It is in the interests of the global captains of industry and capital to make sure uncertainty and disinformation is rife among the general public on this. Among scientists (real ones, not cranks) the uncertainty is nowhere.
End of political digression.
Beyond clothing we likely disagree about much, but I concur with you here: there are no scientific debates about climate change; only political ones.
Having being born and raised in Southern California, seasonal change means going from 100° in late October to 50° today. Hence, we miss most of fall/winter's heavier offerings. The use of color and texture is critical with an average temperature of 70°.
The town next to me is Pasadena and as my Ohio born and raised mom would say "It needs to rain on the Rose Parade so people see something other than a warm, sunny winter day and move here."
On the other hand, I wear Reyn Spooner Hawaiian Christmas shirts and cruise wear in January.
The cold, white, wet stuff sends a chill to me.
I have followed this issue for quite some time, and came to be convinced of the falsity of the Al Gore position a few years ago. The reasons are too many to fully list here, so here are a few highlights of the fraud that is the global warming hoax.
First, it is possible for the data to be available, but manipulated or obfuscated by the AGW side.
The program that produced the "hockey stick" graph will produce that shape regardless of the data fed into it.
Funding and publication have consistently been denied to those scientists whose conclusions do not support AGW.
The "scientists" at the East Anglia Climate Research Unit—the heart of Climategate—cherry-picked data, and destroyed data not consistent with their desired conclusions. Phil Jones, the disgraced former head of the CRU, admitted that there had been no statistically significant global warming from 1995 to the present.
Changes in solar activity correlate to changes in planetary temperatures, not only here, but also on Mars.
I agree that it is in our own best interest to reduce emissions and otherwise be good stewards of the planet.
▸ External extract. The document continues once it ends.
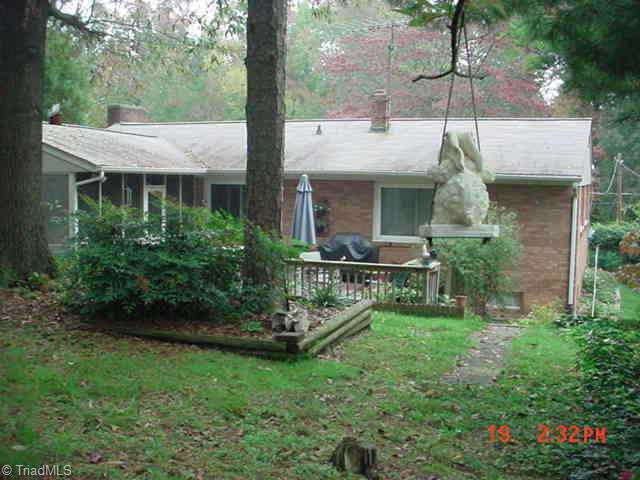 603 Rockspring Road High Point, NC 27262 - Photo 2 of 9 Other.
It's good to see that we have addressed many of these issues, like acid rain and heavy metal poisoning. But to paraphrase JKG, global warming is political: it was made by those who benefit from receiving government grants for misrepresenting the data.
I'm dreaming of a white Cristmas....
...just like the ones I used to know.
We just did our annual White Christmas watching this weekend. What a wonderful movie! Turns out that an unusually warm winter was a plot device in that 1954 flick. And who knew that Rosemary Clooney (George's aunt) was so gorgeous when she was young?
@YF: You misunderstand me. The scientific community has unambiguously arrived at a consensus, with a vanishingly small number of vocal outliers. There is no credible scientific debate on this matter.
And this government grants argument that contrarians tirelessly tote around holds no water. There is much greater profit to be made accepting fee-for-service payments from the private sector than wrestling over the last french-fry in the government's lunch pail.
The final word on the political (or should we say the "lay") debate has been uttered by the world's insurance companies who have much to lose if they fail to anticipate dramatic climatological changes. When the money boys move, the play is over.
No. The scientific community has most assuredly not "unambiguously arrived at a consensus." That statement is a political, not a scientific, one.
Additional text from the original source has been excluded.